Por medio de este pasaje de su carta a los Filipenses el apóstol Pablo nos exhorta a tener una buena relación con los que nos rodean y nos da una clave muy simple para lograrlo: “Considerando a los demás como superiores a ustedes mismos.” Por regla general nos resulta fácil tratar con respeto a nuestros superiores en rango ya sea en el trabajo, en la escuela, en la iglesia, en el campo militar o en cualquier otra área. Sin embargo hay una tendencia a no ser tan respetuosos y amables con aquellos que, de una u otra manera, se encuentran en posición "inferior" ya sea en rango, educación, cultura, posición social o económica, etc. Son estas las situaciones en las que debemos mostrar humildad y darles a ellos un lugar preferente. Esto no es fácil, pero si hacemos el esfuerzo y actuamos de esta manera veremos una gran mejoría en nuestras relaciones con los demás.

El ser humano, por regla general, piensa en sí mismo primero y pone a todos los demás en segundo lugar. Esto se llama "egoísmo". El egoísmo es la raíz de los males de este mundo.
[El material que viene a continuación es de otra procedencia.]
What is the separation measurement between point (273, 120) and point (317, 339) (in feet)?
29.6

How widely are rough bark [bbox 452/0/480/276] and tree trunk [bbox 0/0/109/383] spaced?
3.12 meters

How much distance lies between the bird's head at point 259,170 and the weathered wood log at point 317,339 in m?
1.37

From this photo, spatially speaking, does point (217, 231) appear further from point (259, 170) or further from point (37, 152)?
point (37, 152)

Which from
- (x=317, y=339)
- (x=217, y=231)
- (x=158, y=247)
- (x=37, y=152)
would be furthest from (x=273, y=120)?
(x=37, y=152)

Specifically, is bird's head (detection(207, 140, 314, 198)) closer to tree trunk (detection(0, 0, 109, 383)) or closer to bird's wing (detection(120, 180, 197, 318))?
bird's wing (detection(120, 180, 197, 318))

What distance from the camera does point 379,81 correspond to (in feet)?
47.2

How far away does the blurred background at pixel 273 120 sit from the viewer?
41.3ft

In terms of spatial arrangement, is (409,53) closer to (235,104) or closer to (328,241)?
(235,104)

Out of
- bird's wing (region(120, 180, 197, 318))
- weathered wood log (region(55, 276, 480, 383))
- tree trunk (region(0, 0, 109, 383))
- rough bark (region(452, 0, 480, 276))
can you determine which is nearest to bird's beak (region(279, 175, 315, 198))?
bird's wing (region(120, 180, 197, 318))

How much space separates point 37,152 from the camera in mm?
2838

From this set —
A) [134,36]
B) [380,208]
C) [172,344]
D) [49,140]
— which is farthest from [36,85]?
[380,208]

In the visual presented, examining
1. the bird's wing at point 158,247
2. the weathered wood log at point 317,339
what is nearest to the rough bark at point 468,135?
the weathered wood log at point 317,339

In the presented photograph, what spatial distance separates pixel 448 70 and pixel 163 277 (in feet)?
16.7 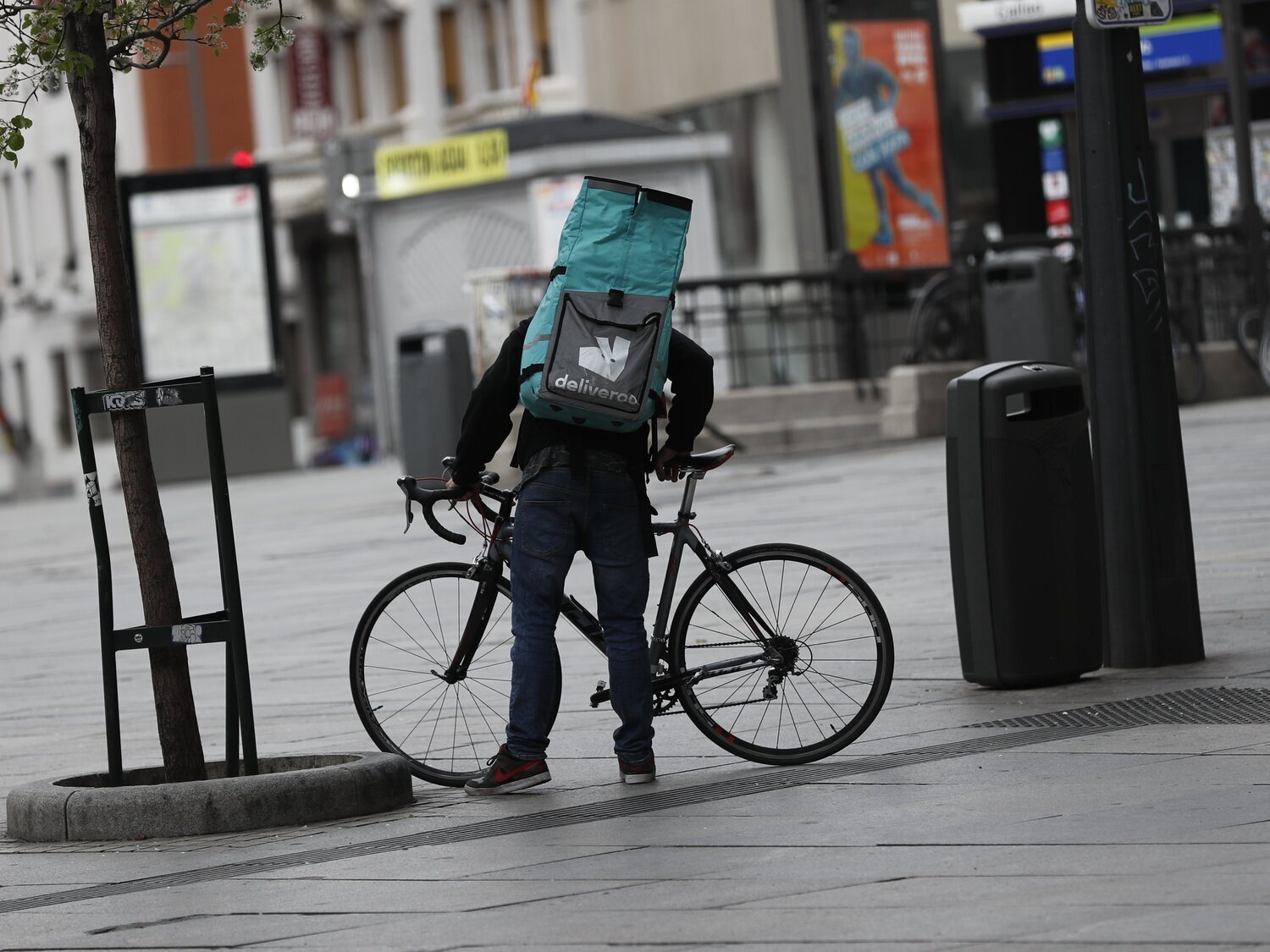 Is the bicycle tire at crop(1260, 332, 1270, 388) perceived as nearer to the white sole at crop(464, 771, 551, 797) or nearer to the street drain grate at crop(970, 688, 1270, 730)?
the street drain grate at crop(970, 688, 1270, 730)

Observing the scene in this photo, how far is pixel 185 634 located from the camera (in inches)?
277

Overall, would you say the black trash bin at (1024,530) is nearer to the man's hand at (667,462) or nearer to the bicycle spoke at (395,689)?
the man's hand at (667,462)

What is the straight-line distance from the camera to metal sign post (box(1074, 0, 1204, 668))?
8695 millimetres

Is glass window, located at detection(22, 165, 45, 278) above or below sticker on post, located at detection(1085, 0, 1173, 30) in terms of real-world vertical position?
above

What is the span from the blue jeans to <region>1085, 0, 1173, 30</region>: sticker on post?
2733 mm

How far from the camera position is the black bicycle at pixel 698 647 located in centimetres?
723

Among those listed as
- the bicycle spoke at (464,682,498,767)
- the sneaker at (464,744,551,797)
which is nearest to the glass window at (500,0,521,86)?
the bicycle spoke at (464,682,498,767)

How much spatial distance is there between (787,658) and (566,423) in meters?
0.97

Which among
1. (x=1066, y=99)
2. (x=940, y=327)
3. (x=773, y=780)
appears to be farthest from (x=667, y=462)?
(x=1066, y=99)

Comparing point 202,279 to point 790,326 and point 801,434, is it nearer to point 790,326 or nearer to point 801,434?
point 790,326

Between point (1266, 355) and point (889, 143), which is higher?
point (889, 143)

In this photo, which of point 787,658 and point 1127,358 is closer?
point 787,658

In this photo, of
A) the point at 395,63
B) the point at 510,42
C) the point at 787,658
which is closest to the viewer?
the point at 787,658

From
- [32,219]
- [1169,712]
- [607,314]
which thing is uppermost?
[32,219]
Si Adán y Eva hubieran pensado en agradar y obedecer a Dios antes que satisfacer sus propios deseos, la historia de la humanidad se hubiera escrito de una manera completamente distinta. Cuando estudiamos Gramática en la escuela, aprendimos a conjugar los verbos siguiendo este orden: Yo, tú, él, etc. Esta secuencia es un reflejo de la manera en que actuamos en la vida. La Biblia nos enseña una Gramática totalmente diferente. Primero está “él” (Dios), en segundo lugar "tú" (el prójimo) y por último "yo". Si empezamos a aplicar esta Gramática celestial en nuestras vidas y conjugamos los verbos (es decir actuamos), siguiendo estas reglas nuestras prioridades cambiarán y empezaremos a obtener frutos y bendiciones que antes no veíamos. Jesús nos dice en Marcos 10:31 que “muchos primeros serán postreros, y los postreros, primeros.” Cuando hacemos un esfuerzo por actuar humildemente y nos situamos detrás de los demás muchas veces el Señor se encargará de movernos a los primeros lugares.

Cuando un fariseo intérprete de la ley, tratando de tentar a Jesús le preguntó: “Maestro, ¿cuál es el gran mandamiento en la ley?” (Mateo 22:36), el Señor le contestó: “Amarás al Señor tu Dios con todo tu corazón, y con toda tu alma, y con toda tu mente. Este es el primero y grande mandamiento.” Y continuó Jesús: “Y el segundo es semejante: Amarás a tu prójimo como a ti mismo.” Primero Dios, después tu prójimo y por último tú. Esta es la enseñanza que Jesús dio a los fariseos. De ella debemos aprender nosotros.

Cuando ponemos al Señor en primer lugar en nuestras vidas estamos renunciando a la manera fácil que nos dicta nuestra naturaleza pecaminosa, es decir estamos negándonos a nosotros mismos. Esta es la manera de actuar de un verdadero seguidor de Cristo. Así lo expresó Jesús en Lucas 9:23: “Si alguno quiere venir en pos de mí, niéguese a sí mismo, tome su cruz cada día y sígame.” Aquí el Señor exhorta a todo el que quiera seguirle a “negarse a sí mismo”, lo cual no es más que renunciar a la natural tendencia humana de poner en primer lugar su propio bienestar sobre todo lo demás.

Dice Mateo 6:33: “Mas buscad primeramente el reino de Dios y su justicia, y todas estas cosas os serán añadidas.” Una vez el Señor ocupe el primer lugar en nuestros corazones, no solamente esta promesa será una realidad en nuestras vidas y él suplirá todas nuestras necesidades, sino que el amor y la paz de Dios harán que nos resulte mucho más fácil amar y respetar a nuestro prójimo.

Recordemos siempre y pongamos en práctica el orden establecido en la Gramática celestial: Él, tú y yo. Consideremos a los demás como superiores a nosotros, y el nombre de Dios será glorificado a través de nuestro testimonio, y como resultado seremos abundantemente bendecidos.

ORACION:
Bendito Dios, ayúdame a ponerte en primer lugar en mi vida, por encima de todo lo que ahora resulta lo más importante para mí. Y pon en mí un espíritu de humildad y servidumbre para que yo pueda tratar a todos los que me rodean como superiores a mí mismo. En el nombre de Jesús, Amén.